空間というのは「何も無いこと」の別の言い方なのだから、空間を測ることはできない。「物の長さ」や「物と物の距離」を測ることはできるが、空間は物ではないので空間を測ることはできないのである。時間を測ることができないのと同じだ。時間も空間も我々が頭の中で作り上げた仮説みたいなものである。

しかし、時間や空間というものは、現実の世界の背景として存在しているように感じられる。それは、我々が頭の中で何かを思い浮かべる時には背景が必要だからだ。何も思い浮かべていない部分にも、我々の脳ミソというか神経回路が存在している。画用紙に絵を描く時に、何も描かれていない部分にも白地があるのと同じことである。

そういうわけで、我々は空間というものを感じ取ることができる。今、建物の中の部屋にいるとすると、その部屋の床と壁と天井で仕切られた空間が感じられる。壁や天井は部屋の外から来る光や音を遮っているし、我々の行動範囲も限定している。つまり、我々が今いる場所で感じ取っている空間は「我々が情報をやりとりしたり、動き回ったりすることのできる範囲」を表している。それは「世界の中で今の自分と関係の深い部分」でもある。我々の意識は「今いる空間の範囲」に広がっているのだともいえる。そして、自分がいる空間のことを「ここ」という。

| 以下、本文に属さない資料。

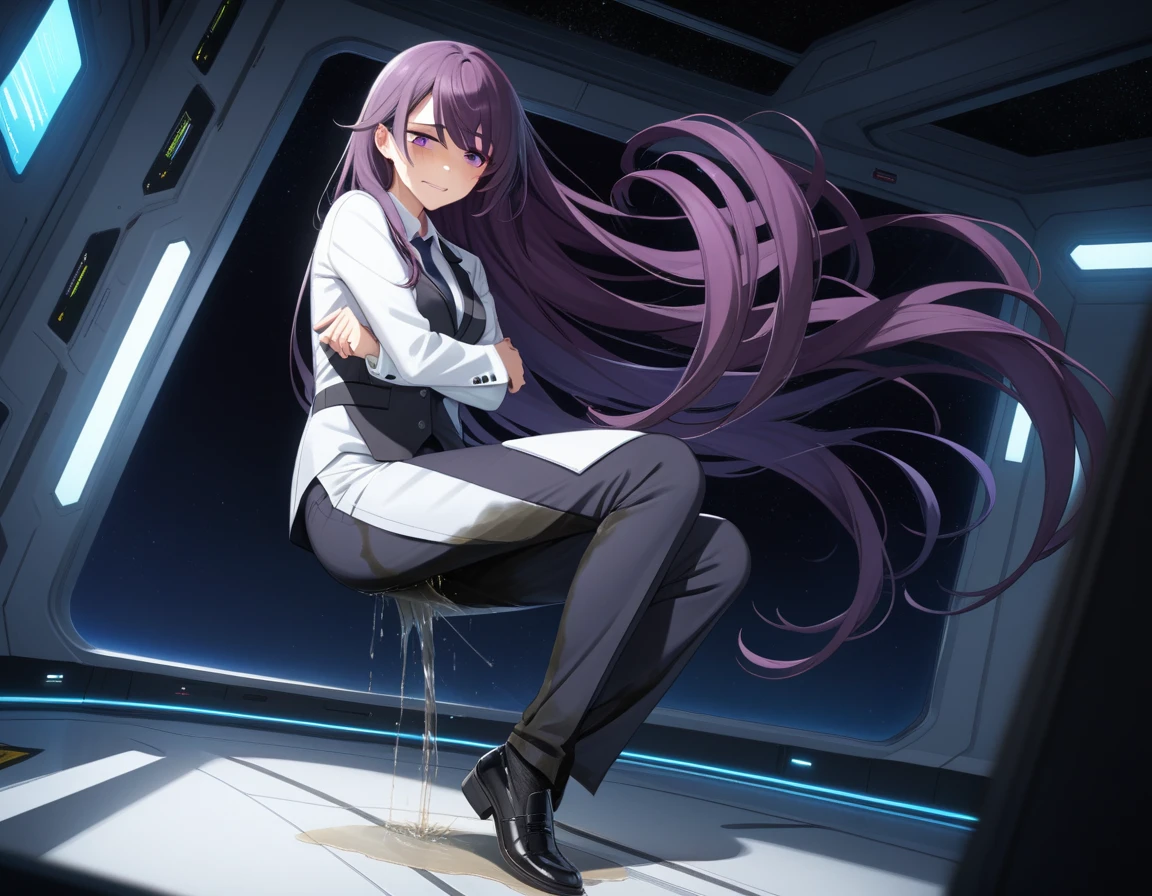 (high quality,Very detailed:1.37, High resolution), Woman, (mature:2.0), (Sakaki Yumiko:1.5), (very long hair:1.5), (dark purple hair:2.5), purple eyes, large breasts, tuxedo, necktie, (pants:1.5), (wetting herself:1.5), standing, (arms crossed:1.5), (embarrassed:1.5), (humiliation:1.5), (constricted pupils:1.5), (sweating:1.5), shaking, (trembling:1.5), (blushing:1.5), Meticulous details, (extremely detailed eys:1.37), space station, interior, science fiction, futuristic, full body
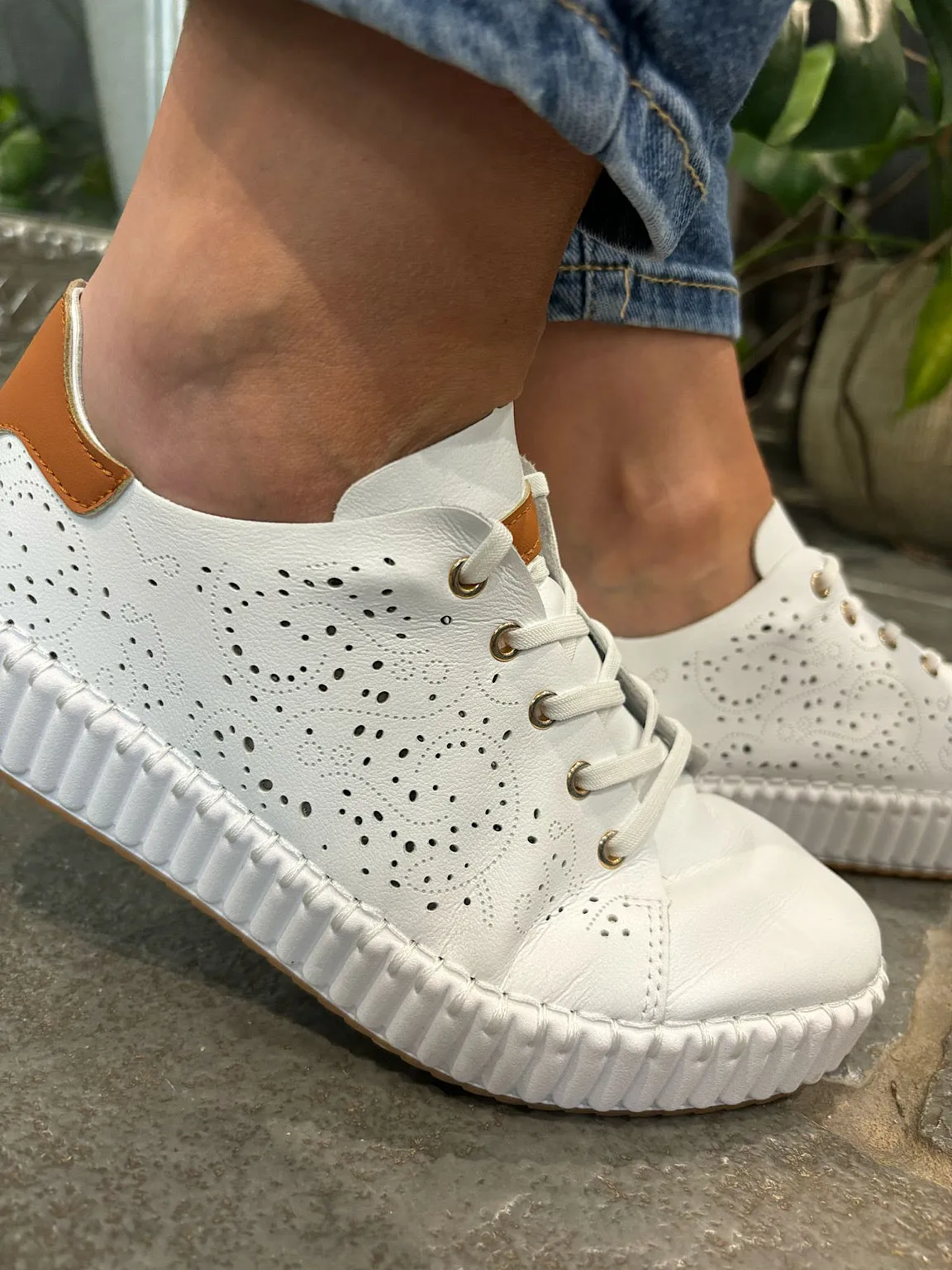 White Pierced Slip On Trainers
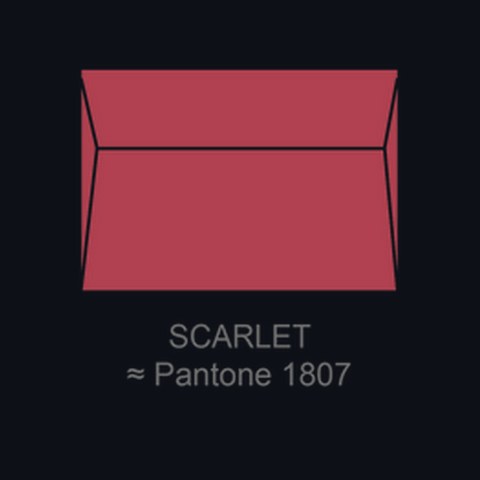 Letterpress envelope in Scarlet, Pantone 1807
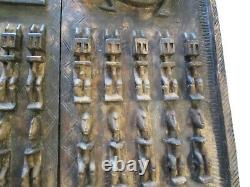 Large Antique African Wood Carving Tribal Sculpture Door Panel Statue Yoruba Art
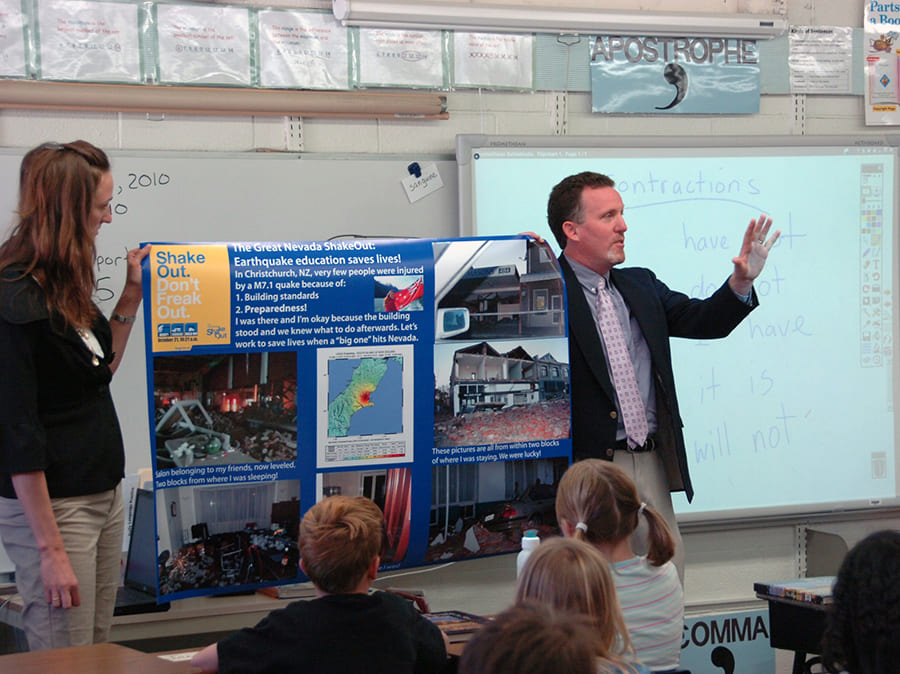 shakeout presentation at peavine elementary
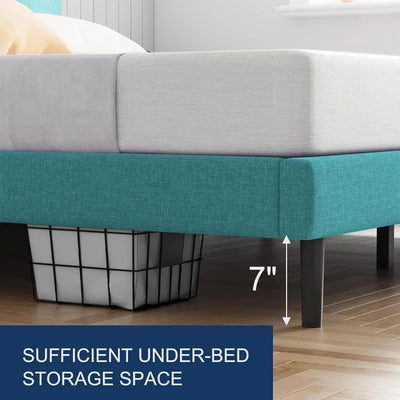 Bed Frame Upholstered Platform with Headboard and Strong Wooden Slats, Strong Weight Capacity, Non-Slip and Noise-Free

自分がいる部屋に窓があって、外の景色を見ることができれば、我々の意識の範囲は部屋の外にまで広がる。その窓が少し開いていて、外の音が聞こえれば、さらに解放感が生まれる。見晴らしの良い海辺や高いところに行くと、意識がどこまでも広がっていくような気分になる。空間の解放度は我々の意識に大きな影響があるのだ。ただし、同じ空間でも、例えば窓に向かっているのと窓を背にしているのでは解放感は全く違う。景色や音に対する感覚の違いによっても空間の感じ方は異なるだろう。したがって、空間というのは人それぞれの主観によって測るしかないようなものなのだ。